----- Data to process -----

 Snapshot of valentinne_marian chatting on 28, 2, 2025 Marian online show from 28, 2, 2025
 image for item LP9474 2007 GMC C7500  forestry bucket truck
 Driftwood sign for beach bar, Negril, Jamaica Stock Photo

-----
----- Data to process -----

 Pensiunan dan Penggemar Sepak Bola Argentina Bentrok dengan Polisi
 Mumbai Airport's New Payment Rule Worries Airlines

-----
----- Data to process -----

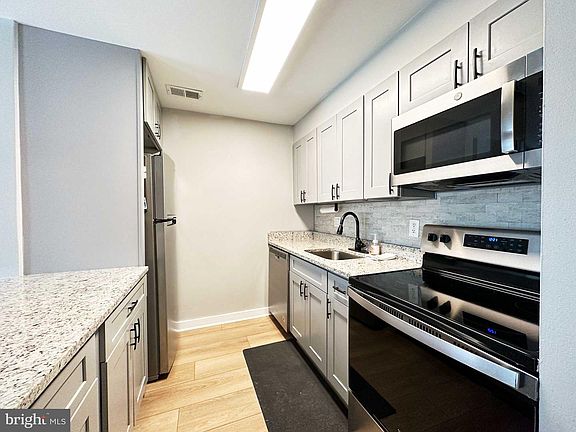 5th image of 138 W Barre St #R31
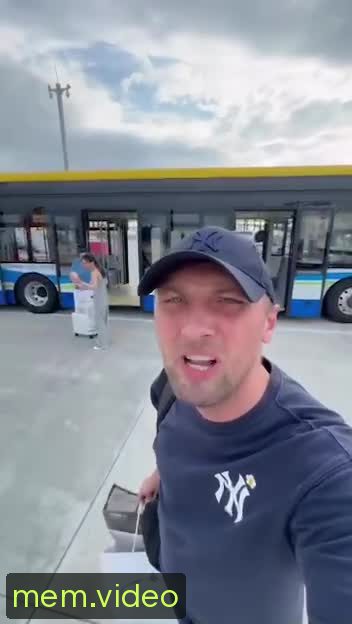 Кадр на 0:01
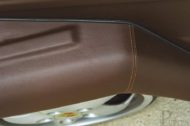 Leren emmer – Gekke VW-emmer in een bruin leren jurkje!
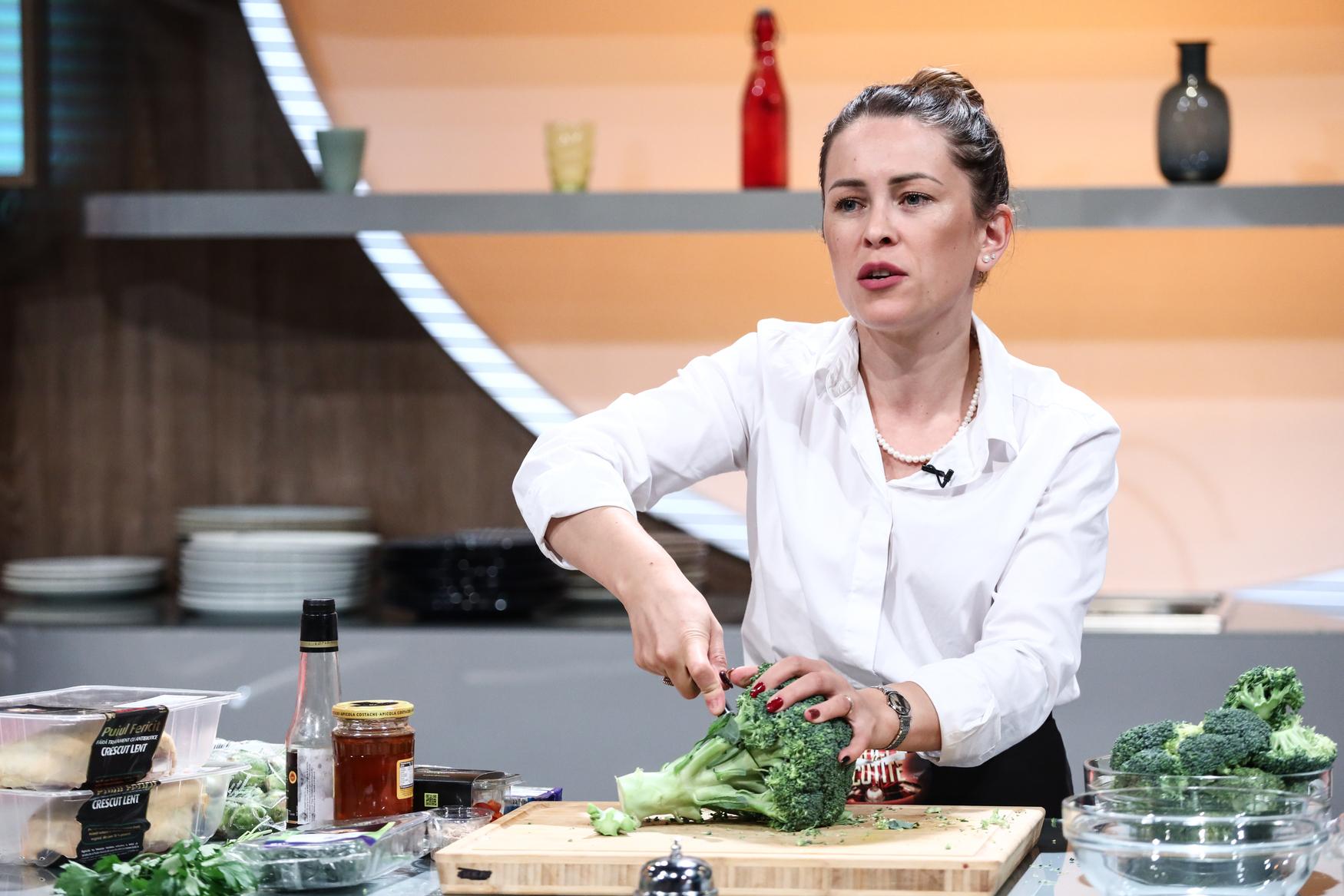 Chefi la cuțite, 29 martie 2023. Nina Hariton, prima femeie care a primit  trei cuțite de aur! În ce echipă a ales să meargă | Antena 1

-----

[Aim of the task]
Above is the material; set down exactly its lines from the one containing "Leren emmer –" down to the one containing "Chefi la cuțite, 29", both included, leaving out any pictures.

[Problem solution]
 Leren emmer – Gekke VW-emmer in een bruin leren jurkje!
 Chefi la cuțite, 29 martie 2023. Nina Hariton, prima femeie care a primit  trei cuțite de aur! În ce echipă a ales să meargă | Antena 1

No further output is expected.